Designing Data Intensive Applications - Chapter 11 Stream Processing

What do we do when input isn’t bounded (Has finite size)

This chapter will look at event streams as a data management mechanism: the unbounded, incrementally processed counterpart to the batch data we saw in the last chapter.

We will look at how streams are represented, stored, and transmitted over a network. In “Databases and Streams” we will investigate relationship between streams and databases. Finally, in “Processing Streams” Kleppmann will explore approaches and tools for processing those streams continually, and ways that they can be used to build applications

Transmitting Event Streams

In batch processing, inputs and outputs are files. What about for streaming?

When input is a file (sequence of bytes), first step is usually to parse it into a sequence of records. In a stream processing context, the record is known as an event.
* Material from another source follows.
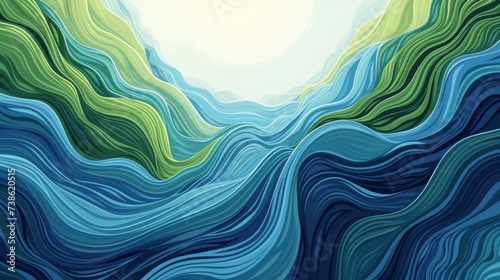 Abstract Wavelike Illustrations in Blue and Green, Symbolizing Earth's Natural Rhythms.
Essentially same thing, a small, self-contained, immutable object containing some details
Event usually contains a timestamp indicting when it happened according to a time of day clock

i.e user clicks a button or ad or views a page

Event may be encoded as a text string, or JSON, or perhaps in some binary form

How do we send the messages as soon as they arrive?

DB Triggers are a thing in relational databases, but they’re limited on that they can do

Messaging Systems

Simple way is Unix or TCP connection

Publish / Subscribe model

What to do if producers overload the consumers
- Remove messages, buffer messages in queue, or apply backpressure (block producer from sending)

Direct Messaging from producers to consumers

UDP multi-cast Brokerless messaging libraries like ZeroMQ StasD use unrelibable UDP messaging for collecting metrics from all machines on the network If consumer is exposed on network, can use HTTP or RTC request

This is the idea behind webhooks

Message Brokers

Essentially a DB designed for sending messages

Skipping because I’ve read most of this in Alex Xu’s book

What to do when memory is almost full?

Consumer offsets What to do when consumers are overloaded?

Databases and Streams

We’ve drawn comparisons between message brokers and databases, even though traditionally, they’re considered different categories of tools.

We saw that log-based message brokers have been successful in taking ideas from databases and applying them to messaging.

We can go in reverse, take ideas from messaging streams and apply them to databases

We can store events like users clicking a button or sensor readings, but we can also store events like a write to a DB

A replication log is a stream of database write requests, produced by the leader. The followers apply that stream of writes to their own copy of the database.

state machine replication principle in “Total Order Broadcast”, which states, if every event is a write to databases and every replica processes same events in same order, replicas will all end up in final state (assuming processing an event is deterministic)

Keeping Systems in Sync

Applications must combine different systems. No single systems wins at everything.

We can use data warehouses and then query them

If full periodic database dump is too slow. Sometimes, dual writes can be done

Application writes to each system when data changes

Dual writes can suffer from race conditions though if two systems want to write into each other at the same time

Some writes may fail while other succeeds too

Change Data Capture

Problem with DB replication logs is that their only internal exposed. Client can’t query it directly.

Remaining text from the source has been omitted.